Found everything at peace here with regard to the Bushmen. But further towards the west, it was said, they had stolen sheep from a certain De Villiers and had killed the herdsman. These so called Bushmen or Chinese have a famous chief called Koerikei, or ‘Bullet-dodger’. This Koerikei, while standing out of range on the top of a cliff, shouted at the Veldwagtmeester Van der Merwe after an action which he had commanded, so he told me: ”What are you doing in my territory?" You take all the places where the eland and other game are. Why did you not stay where sun goes down, where you were at first?” Van der Merwe asked why he did not live in peace as before, and why he did not go hunting with them and live with them (he had been living with the farmers) and whether he did not have enough country as it was?
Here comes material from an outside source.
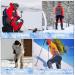 SHARKMOUTH Ice Cleats Snow Traction Grips Boots - Anti Slip 24 Spikes Crampons for Men & Women | Medium Size | Ideal for Hiking, Walking, Climbing, Fishing & Mountaineering - Orange - Buy Online on GoSupps.com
He replied that he did not want to leave the country of his birth and that he would kill their herdsmen, and that he would chase all of them away,

[page 54]
saying, as he went he further away that it would be seen who would win.

Since we have been on the mountain the weather has been cold, the sky overcast with a strong south-east wind.

The inhabitants have very poor houses. In general there is an oblong room with a window and a door but made of reed so that it is cold and grimy. There is very good water here.